La historia de la mujer sirofenicia es uno de los ejemplos más conmovedores de una fe perseverante. Era una mujer gentil, nacida en la región de Tiro y Sidón, fuera del pueblo de Israel. Su hija estaba atormentada por un espíritu inmundo, y, aunque muchos la habrían considerado una extraña, ella creyó que Jesús tenía el poder para cambiar su situación.
Cuando llegó a Jesús, clamó: "¡Señor, Hijo de David, ten misericordia de mí!" (Mateo 15:22). Reconoció quién era Él y acudió con humildad, convencida de que solo Cristo podía darle la respuesta que necesitaba.
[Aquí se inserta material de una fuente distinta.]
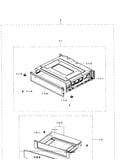 Drawer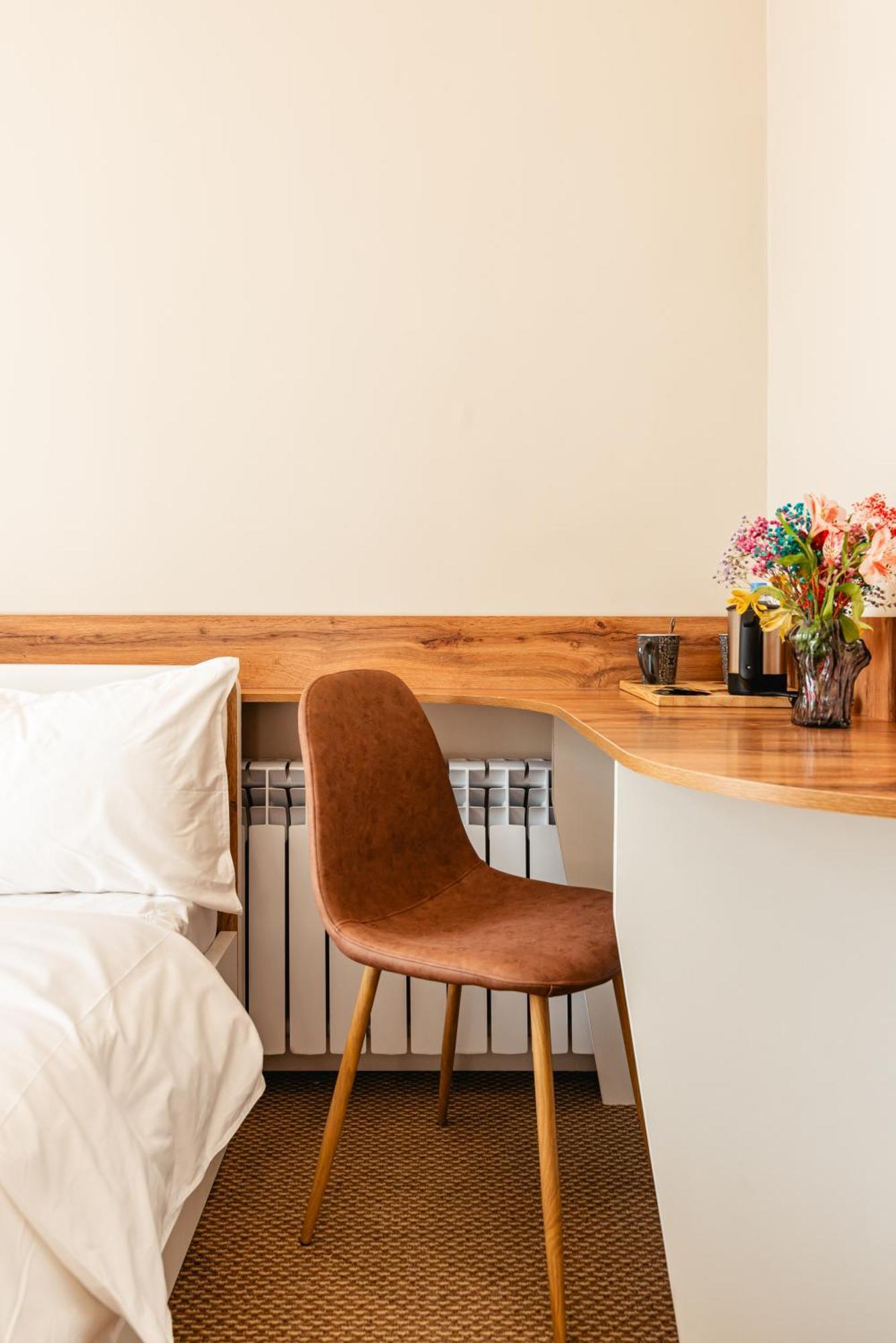 Aykun Hotel 알마티 외부 사진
Lo sorprendente es que Jesús no respondió de inmediato. Incluso dijo que había sido enviado primeramente a las ovejas perdidas de Israel y añadió la conocida expresión: "No está bien tomar el pan de los hijos y echarlo a los perrillos." (Mateo 15:26). En el contexto de la época, Jesús estaba poniendo a prueba su fe y mostrando el orden de su misión terrenal, no despreciando a la mujer.
En lugar de ofenderse o marcharse, ella respondió con una humildad extraordinaria: "Sí, Señor; pero aun los perrillos comen de las migajas que caen de la mesa de sus amos." (Mateo 15:27). No discutió con Jesús ni exigió derechos; simplemente creyó que una sola "migaja" de su poder era suficiente para transformar la vida de su hija.
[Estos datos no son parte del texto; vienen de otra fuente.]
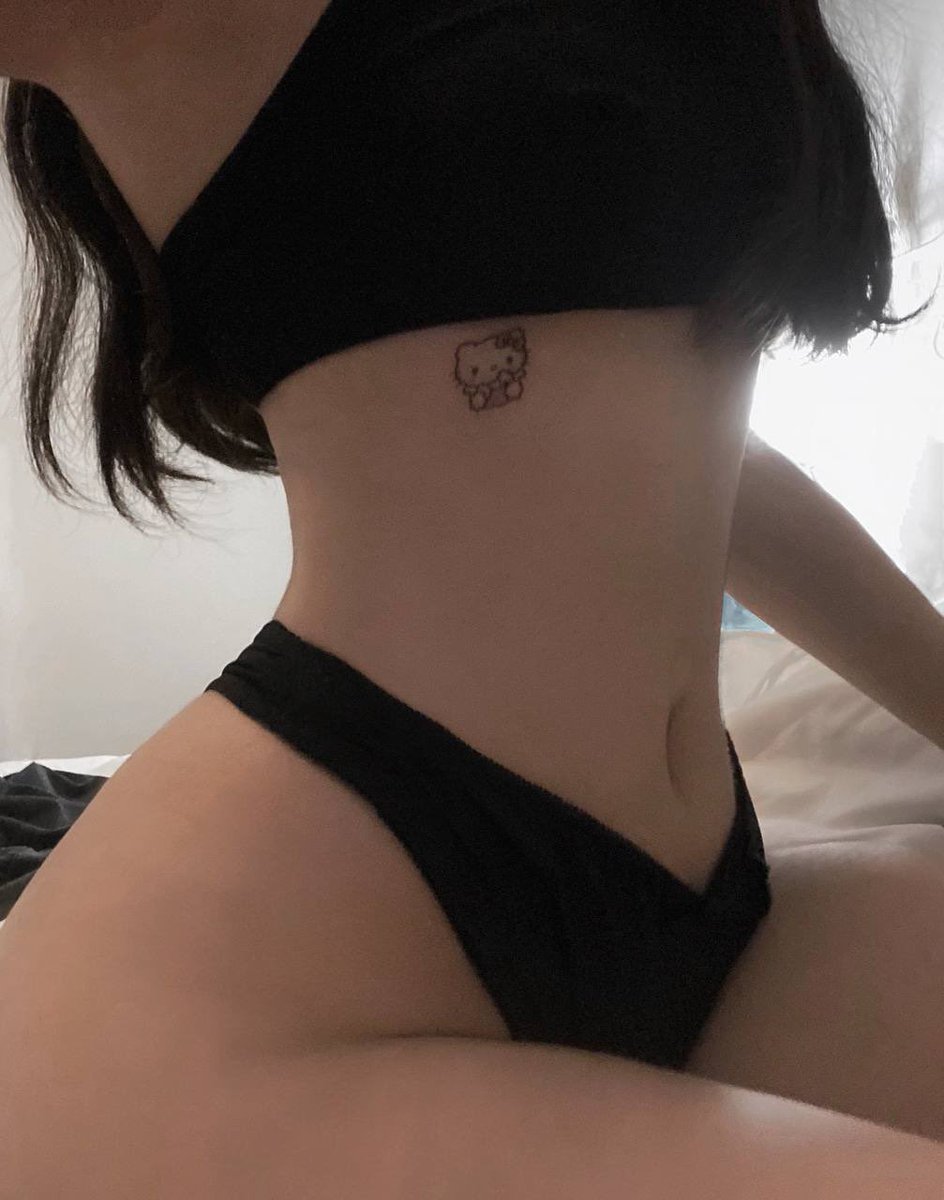 GM 💗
Su respuesta revela una fe que no se rinde ante el silencio, las pruebas ni las aparentes negativas. Mientras otros habrían abandonado, ella permaneció firme porque entendía que estar cerca de Jesús era mejor que volver con las manos vacías.
Finalmente, Jesús declaró: "¡Grande es tu fe!". Es significativo que el Señor alabara su fe y no su origen, su posición social o sus méritos. Lo que abrió la puerta al milagro fue una confianza humilde y perseverante. En ese mismo momento, su hija fue completamente liberada.
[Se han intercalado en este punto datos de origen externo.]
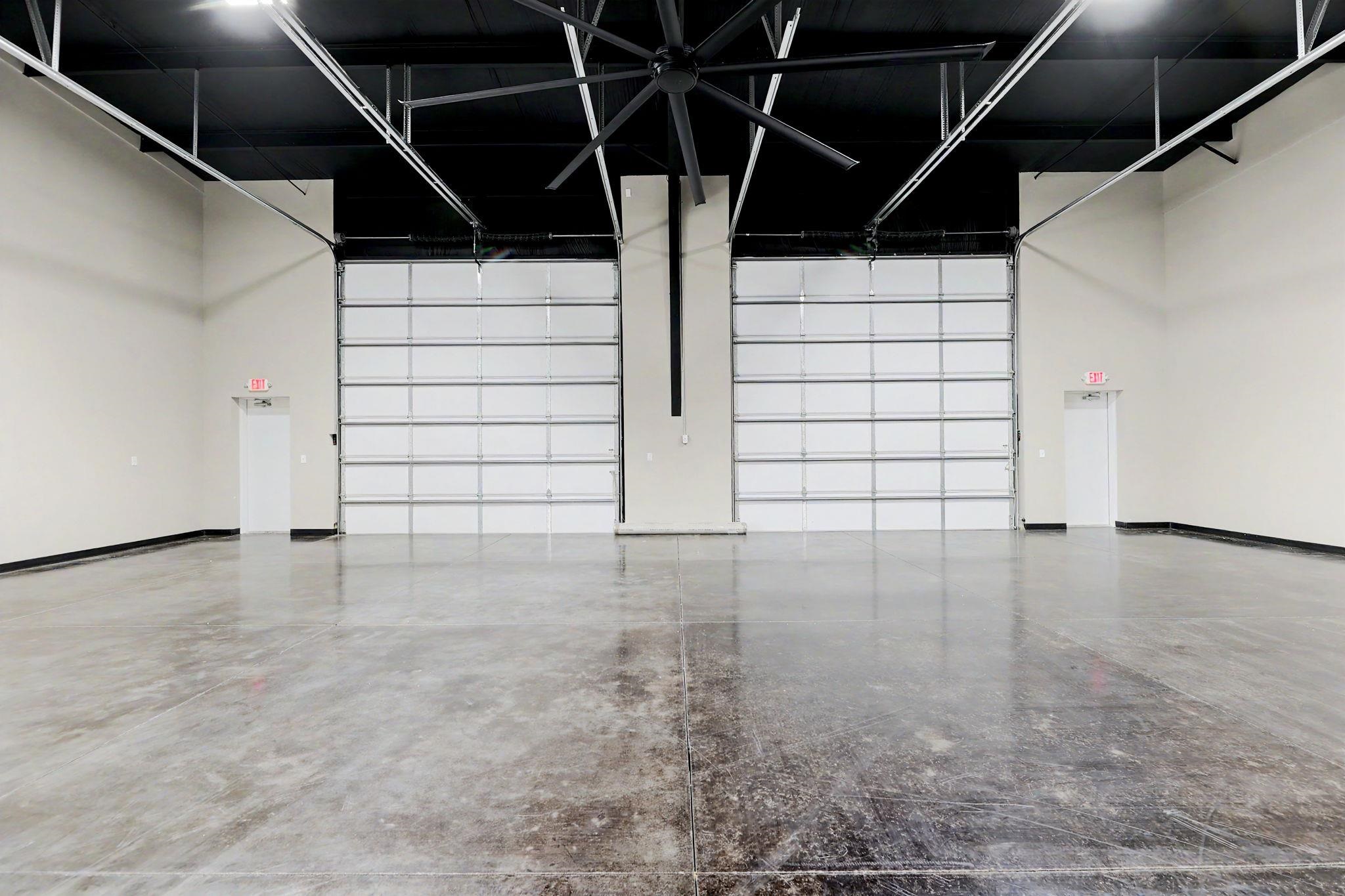 11301 W 53rd St N Ste 500, Maize, KS 67101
Hoy también podemos aprender de esta mujer. Muchas veces Dios no responde inmediatamente, no porque nos haya olvidado, sino porque está formando una fe más profunda. La perseverancia en la oración demuestra que nuestra confianza no depende de las circunstancias, sino del carácter de Dios. La mujer sirofenicia nos enseña que quienes perseveran en buscar a Cristo nunca lo hacen en vano.
Enseñanza principal: La fe verdadera no se rinde ante el silencio de Dios ni se desanima por los obstáculos. La mujer sirofenicia creyó que una sola palabra de Jesús era suficiente para cambiar su realidad. Cuando confiamos en Cristo con humildad, perseverancia y dependencia total, descubrimos que Él siempre responde en el tiempo perfecto y conforme a su misericordia.